-- PROVIDED DATA follows --

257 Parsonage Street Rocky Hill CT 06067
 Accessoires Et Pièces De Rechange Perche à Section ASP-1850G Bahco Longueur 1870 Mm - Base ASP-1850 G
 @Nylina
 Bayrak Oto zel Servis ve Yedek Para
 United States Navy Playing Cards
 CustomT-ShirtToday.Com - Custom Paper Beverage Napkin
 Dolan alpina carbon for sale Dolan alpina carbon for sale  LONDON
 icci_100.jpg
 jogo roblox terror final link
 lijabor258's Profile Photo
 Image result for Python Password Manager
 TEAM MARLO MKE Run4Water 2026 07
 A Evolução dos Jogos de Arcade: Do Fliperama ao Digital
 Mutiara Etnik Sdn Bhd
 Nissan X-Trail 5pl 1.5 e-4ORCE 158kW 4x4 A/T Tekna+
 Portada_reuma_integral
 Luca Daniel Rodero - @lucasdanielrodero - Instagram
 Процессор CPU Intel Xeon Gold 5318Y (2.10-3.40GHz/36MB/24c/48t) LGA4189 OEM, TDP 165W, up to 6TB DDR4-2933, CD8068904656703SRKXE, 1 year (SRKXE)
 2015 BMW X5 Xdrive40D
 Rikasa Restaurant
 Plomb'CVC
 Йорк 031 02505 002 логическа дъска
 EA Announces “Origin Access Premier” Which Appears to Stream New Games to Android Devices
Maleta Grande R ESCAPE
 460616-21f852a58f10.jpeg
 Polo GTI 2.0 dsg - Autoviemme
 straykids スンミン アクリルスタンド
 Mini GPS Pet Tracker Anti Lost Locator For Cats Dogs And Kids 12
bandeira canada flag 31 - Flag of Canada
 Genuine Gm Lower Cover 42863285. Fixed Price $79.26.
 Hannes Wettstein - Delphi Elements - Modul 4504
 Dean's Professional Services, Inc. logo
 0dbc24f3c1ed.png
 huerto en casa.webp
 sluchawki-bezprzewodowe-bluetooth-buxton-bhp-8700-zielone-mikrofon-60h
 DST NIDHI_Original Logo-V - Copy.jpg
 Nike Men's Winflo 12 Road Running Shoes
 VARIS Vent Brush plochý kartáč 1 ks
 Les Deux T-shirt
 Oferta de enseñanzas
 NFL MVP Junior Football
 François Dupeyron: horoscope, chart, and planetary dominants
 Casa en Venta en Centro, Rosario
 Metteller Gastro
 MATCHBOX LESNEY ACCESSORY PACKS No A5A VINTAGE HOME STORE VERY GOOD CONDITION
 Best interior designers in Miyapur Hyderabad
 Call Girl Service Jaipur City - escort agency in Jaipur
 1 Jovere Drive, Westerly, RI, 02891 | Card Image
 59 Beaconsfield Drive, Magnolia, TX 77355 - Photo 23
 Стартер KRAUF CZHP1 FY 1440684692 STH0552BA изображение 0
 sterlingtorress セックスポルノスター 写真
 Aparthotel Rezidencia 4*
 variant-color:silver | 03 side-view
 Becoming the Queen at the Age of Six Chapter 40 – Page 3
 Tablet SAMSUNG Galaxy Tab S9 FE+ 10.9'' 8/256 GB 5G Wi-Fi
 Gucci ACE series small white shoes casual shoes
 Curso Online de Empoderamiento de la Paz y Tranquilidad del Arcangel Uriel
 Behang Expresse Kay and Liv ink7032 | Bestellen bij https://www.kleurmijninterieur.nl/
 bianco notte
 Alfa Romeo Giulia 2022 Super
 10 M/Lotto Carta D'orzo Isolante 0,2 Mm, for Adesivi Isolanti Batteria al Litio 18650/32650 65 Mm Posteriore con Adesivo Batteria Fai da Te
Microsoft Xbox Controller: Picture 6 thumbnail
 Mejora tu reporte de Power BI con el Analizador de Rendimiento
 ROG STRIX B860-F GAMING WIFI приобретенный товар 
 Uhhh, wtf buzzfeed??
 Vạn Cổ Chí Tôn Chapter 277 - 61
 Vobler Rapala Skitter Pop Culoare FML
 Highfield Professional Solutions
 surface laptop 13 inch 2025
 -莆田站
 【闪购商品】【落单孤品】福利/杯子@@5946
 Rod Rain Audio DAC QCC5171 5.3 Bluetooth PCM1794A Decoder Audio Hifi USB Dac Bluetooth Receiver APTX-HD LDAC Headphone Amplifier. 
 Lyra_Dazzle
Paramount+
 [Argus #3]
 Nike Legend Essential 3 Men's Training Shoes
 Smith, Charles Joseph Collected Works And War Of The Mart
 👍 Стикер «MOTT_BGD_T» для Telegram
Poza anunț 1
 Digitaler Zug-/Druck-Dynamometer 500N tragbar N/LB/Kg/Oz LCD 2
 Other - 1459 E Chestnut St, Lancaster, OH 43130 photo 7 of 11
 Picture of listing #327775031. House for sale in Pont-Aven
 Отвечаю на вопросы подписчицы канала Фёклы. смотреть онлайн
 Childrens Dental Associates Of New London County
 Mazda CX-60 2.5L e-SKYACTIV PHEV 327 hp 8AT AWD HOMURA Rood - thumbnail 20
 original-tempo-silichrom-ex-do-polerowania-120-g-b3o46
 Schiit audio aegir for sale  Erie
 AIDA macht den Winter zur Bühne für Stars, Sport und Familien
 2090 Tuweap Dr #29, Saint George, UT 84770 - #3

-- PROVIDED DATA concluded --

ABOUT THIS EXERCISE -> Pull every line with the string "Nike" from the data above.

EXERCISE RESPONSE ->
 Nike Men's Winflo 12 Road Running Shoes
 Nike Legend Essential 3 Men's Training Shoes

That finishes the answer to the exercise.